A large group of University of Helsinki students occupied the Old Student House on November 25, 1968. The house was the designated location of the festivities for the Student Union's centennial celebration, scheduled the day after. The action was in protest at what they saw as a 1950s style "white tie party", and an uprising against the values which this stood for. [1] The group entered by breaking in through a French window at 17:13 [1] local time. The happenings immediately made nationwide headlines. The action has been seen as being inspired by the May 1968 unrest in France, and other political movements around Europe in the same year, including the Spring of Prague. In 2008, Laura Kolbe, a professor of European history at the University of Helsinki and also a member of the centrist, agrarian Centre Party, described the Vanha occupation as "the ripples of the European student movement in Finland". [2]

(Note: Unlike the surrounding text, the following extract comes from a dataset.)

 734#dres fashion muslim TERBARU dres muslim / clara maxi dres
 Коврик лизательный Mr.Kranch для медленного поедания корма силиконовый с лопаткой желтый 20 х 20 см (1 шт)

The dissidents' main demands concerned democratic reforms to the university's administration. However, some of the participants also demanded the founding of Marxist-Leninist study-circles in the departments and faculties, abolishing compulsory membership of the Student Union and changing the political alignment of the monthly student magazine Ylioppilaslehti. [3] Banners carrying these proclamations were hung from the Student House's balcony and speeches were made. However, not all of the youth involved were communists; people aligned with the centrist-agrarian Centre Party participated as well. [1]
The Student Union relocated its 100th year celebration to the Sibelius Academy, and the "Vanha occupation" was relatively short-lived. After having spent the night at the Student House, people began to dissipate the next day. By the evening the remaining occupants had cleaned up after themselves and left the building altogether. Helsinki's Swedish-language newspaper HBL wrote "people became tired and went home after having stayed up for a day, sat on the floor, drank red wine and kissed". [4]
The generation of students and other young radicals who participated in the events have underlined the significance of the occupation as a symbolic revolt against the values of the previous generation. Indeed, many of the people involved became leading figures in Finnish politics and the financial sector, including the Social Democratic Party politicians Erkki Tuomioja, Ilkka Taipale and Ulf Sundqvist, bank manager Björn Wahlroos and diplomat Markus Lyra. [5] However, 40 years after the events, only 36% of the Helsingin Sanomat board of selected Finnish intellectuals believed the events had any positive effect on the Finnish society.